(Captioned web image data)
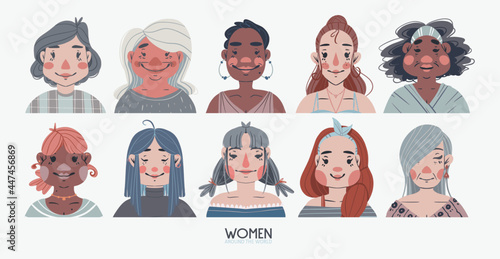 group of women. different multicultural faces. icon or avatar. Blue version © Estelle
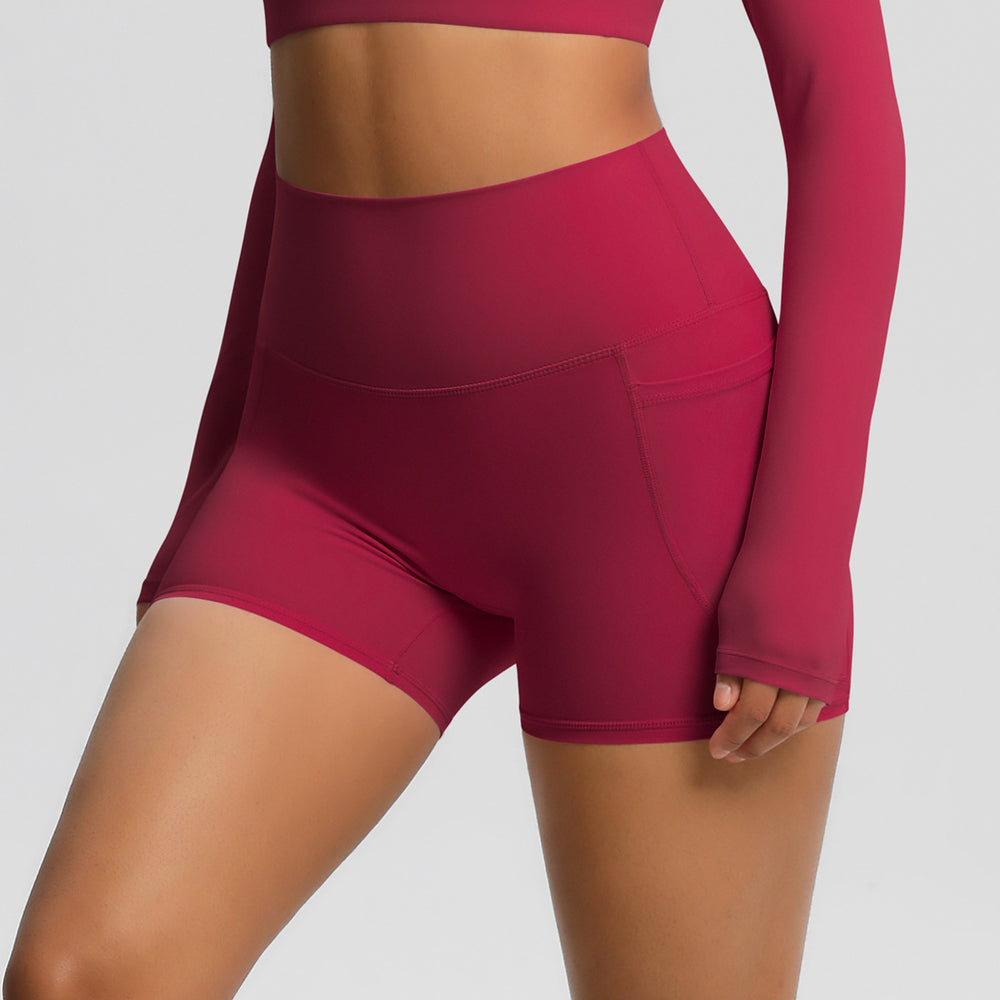 Naked feel high waist yoga shorts quick-drying breathable tight flap pocket pants outdoor cycling sports fitness pants processing personalized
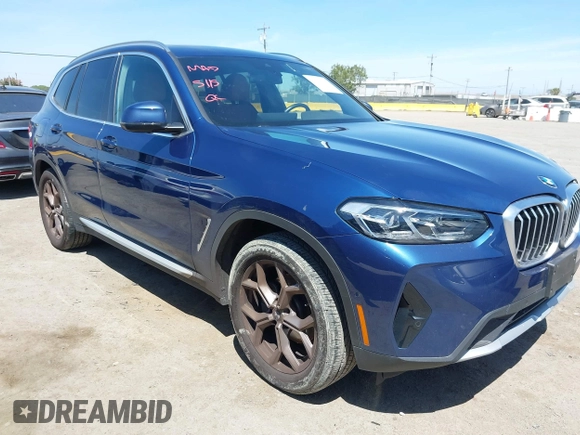 2023 BMW X3 sDrive30i z VIN 5UX43DP04P9P44100, wystawiony jako IAAI lot #42267136 z przebiegiem 28 618 mil mil oraz . Historia ofert i sprzedaży dostępna na DreamBid. Obrazek 1.
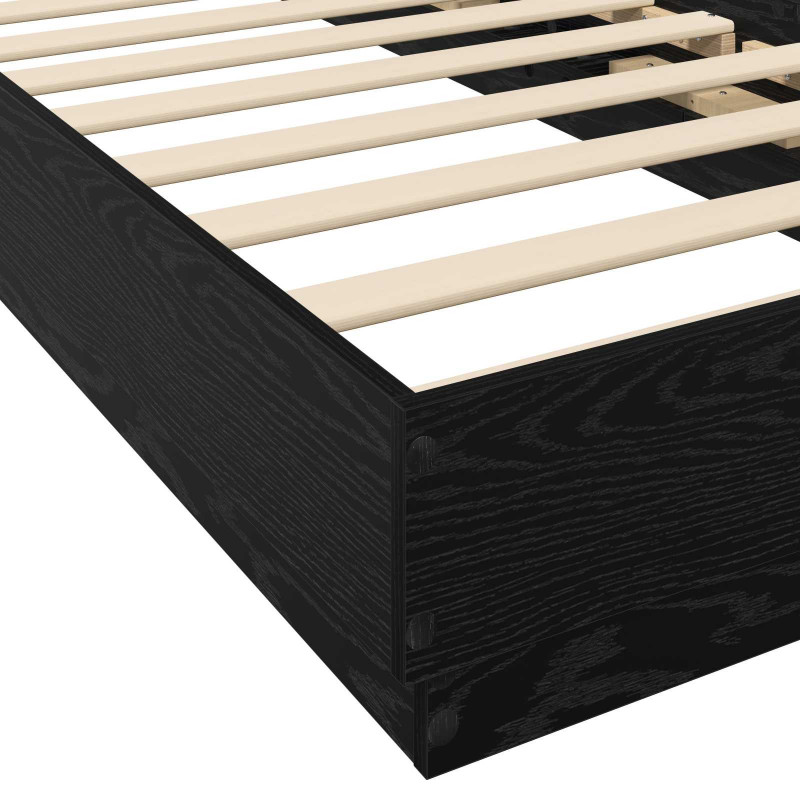 Łóżko z ramą z LED Czarny dąb 80 x 200 cm Drewno inżynieryjne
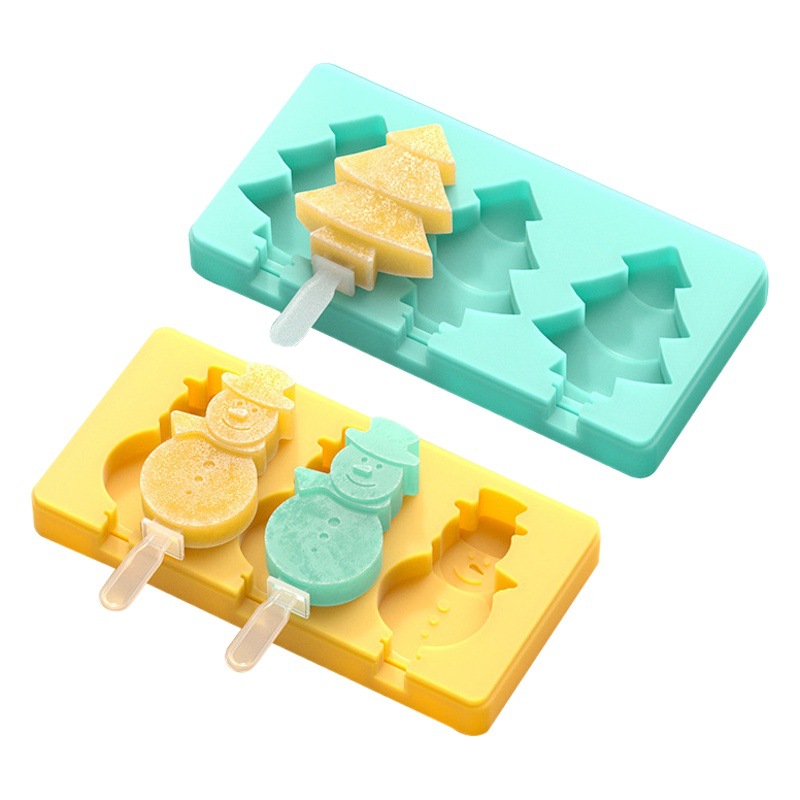 2-color helado molde de silicona muñeco de nieve de pino helado molde DIY hecho a mano molde de helado casero al por mayor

- _Task item_
Only the lines from the one containing "Łóżko z ramą" through the last line of the entries should be transcribed, exactly and with no pictures.

- _Task result_
 Łóżko z ramą z LED Czarny dąb 80 x 200 cm Drewno inżynieryjne
 2-color helado molde de silicona muñeco de nieve de pino helado molde DIY hecho a mano molde de helado casero al por mayor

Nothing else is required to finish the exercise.